If I selectively pre-render the timeline, Vegas prenders in little nodes but sometims creates a huge 5 minitues+ render node that sucks the ram down to 5 - 10 megs and slows the render down.

But I find rendering anything to a file (not pre-rendering) doesn't effect ram? ie: MPeg or different file type other than NTSC DV
DelCallo wrote on 4/10/2005, 4:02 AM
Liam (and others): I'm getting confused by the replies on this thread. Some are shutting down RAM completely to improve rendering time, others leaving 100 MB. Following your link to the CC thread, it appears that you turned RAM back on, from 0 to improve rendering performance.

So, could you or someone summarize the net conclusion of this discussion for me?

My setup has 1.5 GB installed. I've rendered a few short projects on this setup using V5, but have yet to tackle what is my typical size project - usually 6-10 tracks (three or four video tracks) with cropping of entire project, other FX, etx - total duration - 1hr - 45 min.

I've rendered projects of the described size on my old setup, 900 mHz processor with around 340 MB RAM - encountered no problems - and I knew nothing about enabling or disabling amount of ram available for Dynamic Ram Preview.

I don't know if I will have a problem on this machine or not, but am interested in knowing the final concensus from this discussion just the same.

Thanks.

Caruso
jetdv wrote on 4/10/2005, 4:48 AM
Caruso, if you move it all the way to zero, rendering will be tremendously SLOWER if you have some still images or titles over still images where multiple frames do not change. With the setting set to zero, EVERY one of those frames must be rendered separately. With the setting above zero, the unchanged frames will zoom by.
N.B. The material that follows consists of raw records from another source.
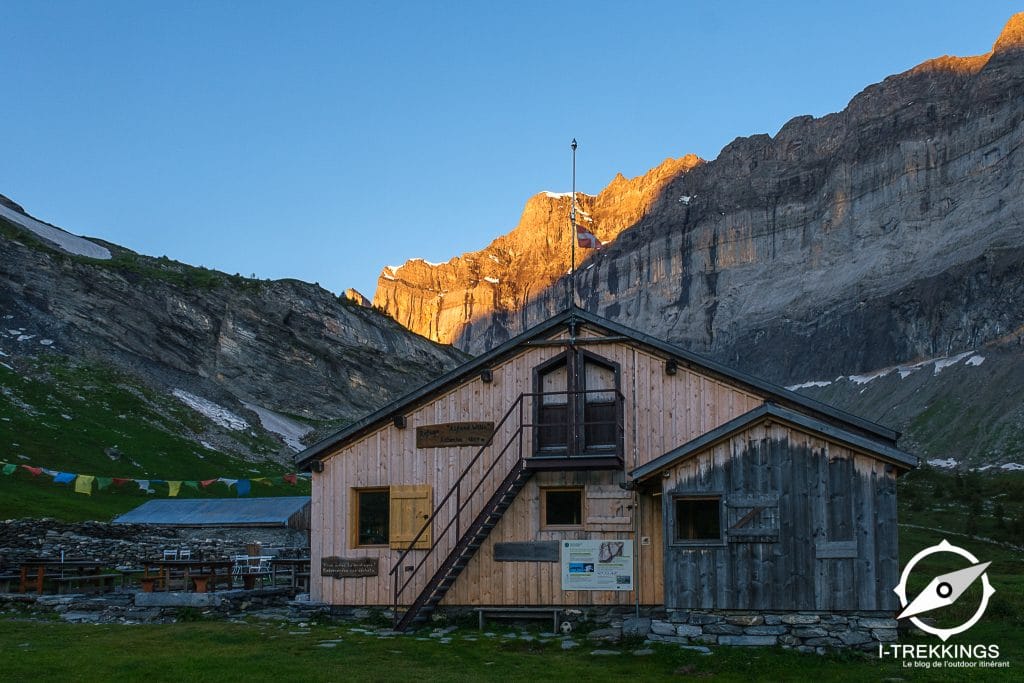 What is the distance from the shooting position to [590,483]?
76.1ft

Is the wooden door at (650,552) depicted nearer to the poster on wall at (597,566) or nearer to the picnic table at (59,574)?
the poster on wall at (597,566)

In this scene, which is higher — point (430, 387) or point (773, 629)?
point (430, 387)

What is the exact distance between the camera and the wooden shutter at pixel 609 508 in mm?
22797

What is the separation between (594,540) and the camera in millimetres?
22844

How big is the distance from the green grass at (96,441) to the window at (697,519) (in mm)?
29013

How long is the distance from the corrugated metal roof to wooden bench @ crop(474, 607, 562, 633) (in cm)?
1542

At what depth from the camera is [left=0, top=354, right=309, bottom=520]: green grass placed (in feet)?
150

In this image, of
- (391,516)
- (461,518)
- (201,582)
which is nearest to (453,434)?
(461,518)

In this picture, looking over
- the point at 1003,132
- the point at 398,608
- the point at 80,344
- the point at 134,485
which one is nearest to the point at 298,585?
the point at 398,608

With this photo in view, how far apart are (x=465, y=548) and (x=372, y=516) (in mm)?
3123

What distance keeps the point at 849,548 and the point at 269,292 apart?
9767 centimetres

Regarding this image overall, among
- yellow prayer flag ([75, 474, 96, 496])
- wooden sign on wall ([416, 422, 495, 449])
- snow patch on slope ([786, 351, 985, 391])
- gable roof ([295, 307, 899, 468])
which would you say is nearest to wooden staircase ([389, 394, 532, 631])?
wooden sign on wall ([416, 422, 495, 449])

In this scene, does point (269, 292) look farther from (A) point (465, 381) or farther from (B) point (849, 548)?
(B) point (849, 548)

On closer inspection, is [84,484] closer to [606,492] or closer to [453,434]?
[453,434] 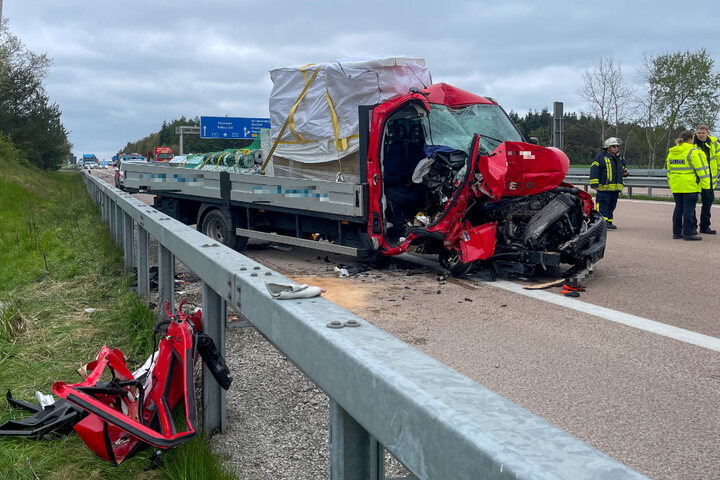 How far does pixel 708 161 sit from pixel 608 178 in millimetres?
1996

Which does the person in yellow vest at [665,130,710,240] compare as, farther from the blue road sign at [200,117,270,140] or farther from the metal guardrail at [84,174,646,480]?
the blue road sign at [200,117,270,140]

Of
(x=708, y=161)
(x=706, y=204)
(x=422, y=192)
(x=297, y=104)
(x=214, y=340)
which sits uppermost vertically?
(x=297, y=104)

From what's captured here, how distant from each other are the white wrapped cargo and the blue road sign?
30294mm

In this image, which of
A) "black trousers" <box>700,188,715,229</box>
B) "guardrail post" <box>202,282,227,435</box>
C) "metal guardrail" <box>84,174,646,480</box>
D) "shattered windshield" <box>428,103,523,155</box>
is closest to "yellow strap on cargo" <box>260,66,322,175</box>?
"shattered windshield" <box>428,103,523,155</box>

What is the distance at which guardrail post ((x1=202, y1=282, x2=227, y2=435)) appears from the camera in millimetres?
3185

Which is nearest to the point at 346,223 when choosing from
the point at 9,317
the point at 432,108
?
the point at 432,108

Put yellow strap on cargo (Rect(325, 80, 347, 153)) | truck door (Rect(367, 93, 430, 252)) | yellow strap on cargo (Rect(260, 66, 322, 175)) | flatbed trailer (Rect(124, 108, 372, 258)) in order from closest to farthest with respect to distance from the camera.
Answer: truck door (Rect(367, 93, 430, 252)) < flatbed trailer (Rect(124, 108, 372, 258)) < yellow strap on cargo (Rect(325, 80, 347, 153)) < yellow strap on cargo (Rect(260, 66, 322, 175))

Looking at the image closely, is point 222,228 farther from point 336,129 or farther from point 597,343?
point 597,343

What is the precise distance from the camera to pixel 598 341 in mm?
5848

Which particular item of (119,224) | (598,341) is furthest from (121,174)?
(598,341)

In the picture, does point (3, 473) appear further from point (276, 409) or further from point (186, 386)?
point (276, 409)

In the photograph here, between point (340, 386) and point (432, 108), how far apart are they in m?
8.57

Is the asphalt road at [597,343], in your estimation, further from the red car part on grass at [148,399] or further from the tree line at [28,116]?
the tree line at [28,116]

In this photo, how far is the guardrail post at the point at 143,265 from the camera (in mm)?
5766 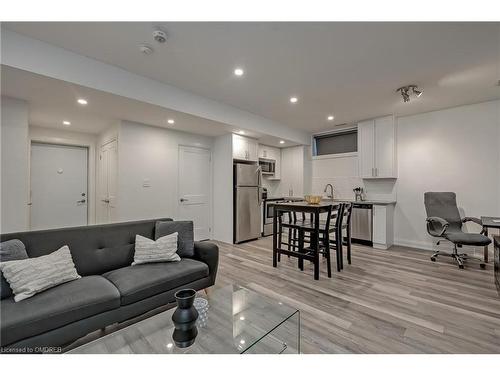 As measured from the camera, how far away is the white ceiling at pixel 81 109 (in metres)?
2.51

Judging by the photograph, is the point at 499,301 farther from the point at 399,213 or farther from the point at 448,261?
the point at 399,213

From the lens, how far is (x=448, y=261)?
3627 millimetres

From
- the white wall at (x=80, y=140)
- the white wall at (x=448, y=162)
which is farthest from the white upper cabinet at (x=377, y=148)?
the white wall at (x=80, y=140)

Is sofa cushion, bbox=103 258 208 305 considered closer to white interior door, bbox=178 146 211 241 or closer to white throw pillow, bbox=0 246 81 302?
white throw pillow, bbox=0 246 81 302

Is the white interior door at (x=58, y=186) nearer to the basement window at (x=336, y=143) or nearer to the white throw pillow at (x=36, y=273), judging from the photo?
the white throw pillow at (x=36, y=273)

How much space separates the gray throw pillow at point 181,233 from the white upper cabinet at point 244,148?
99.3 inches

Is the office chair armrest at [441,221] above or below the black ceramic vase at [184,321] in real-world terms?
above

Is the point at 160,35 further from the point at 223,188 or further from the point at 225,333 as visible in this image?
the point at 223,188

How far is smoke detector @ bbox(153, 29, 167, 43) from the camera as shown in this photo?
211cm

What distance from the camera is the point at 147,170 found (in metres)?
4.15

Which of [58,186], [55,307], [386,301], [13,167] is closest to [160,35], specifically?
[55,307]

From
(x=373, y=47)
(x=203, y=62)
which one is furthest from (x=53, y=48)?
(x=373, y=47)

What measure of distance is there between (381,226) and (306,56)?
3.42 m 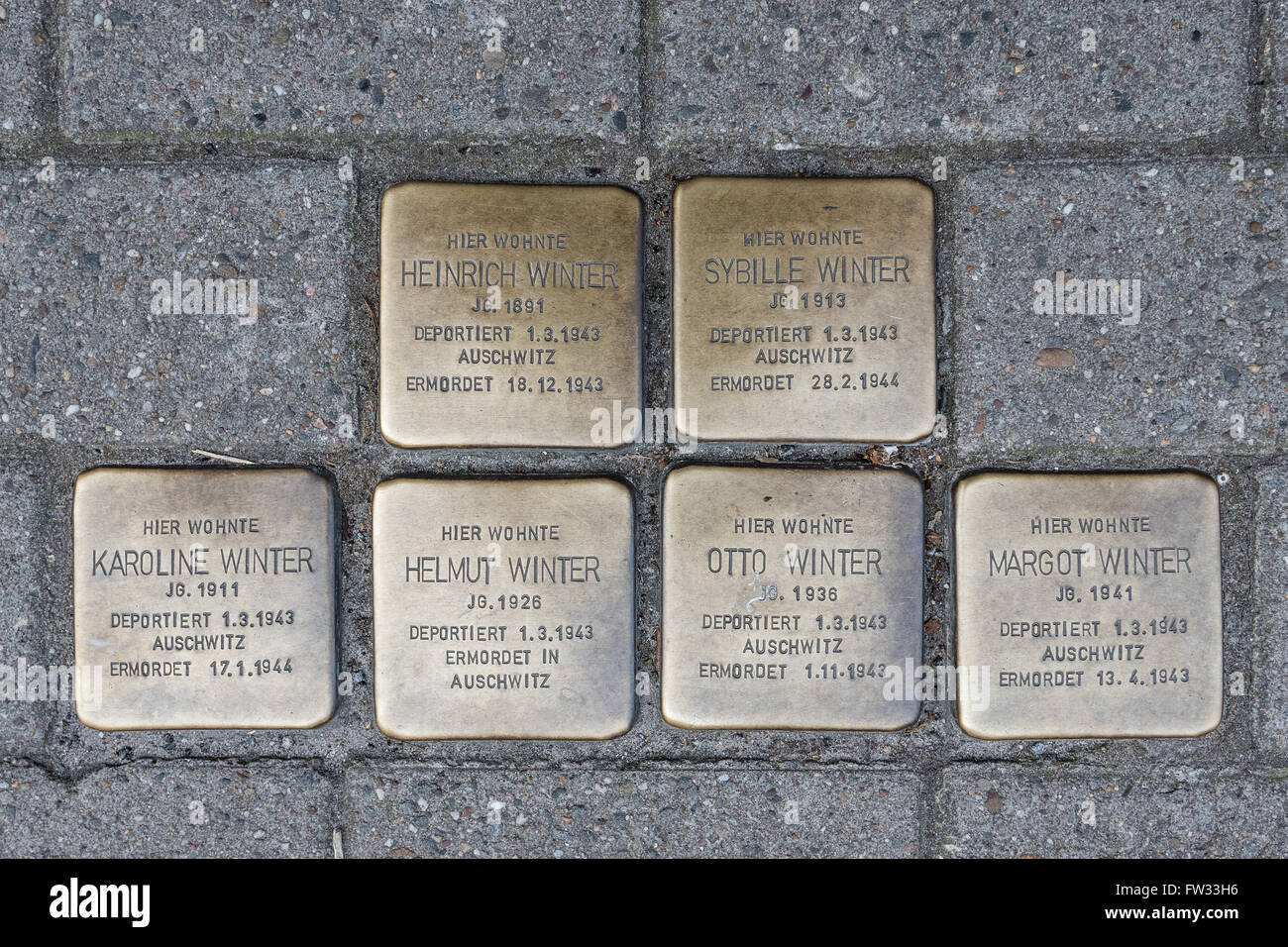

In a test that Liam and I run, he was getting a render times in the multi-minute range where mine was completing in closer to 30 seconds. He raised the ram setting above zero and was, once again, seeing my render times. If you go to the link he posted, exact times are given.
DelCallo wrote on 4/10/2005, 3:27 PM
Thanks, Jet, I'll revisit his link and see if I "get it."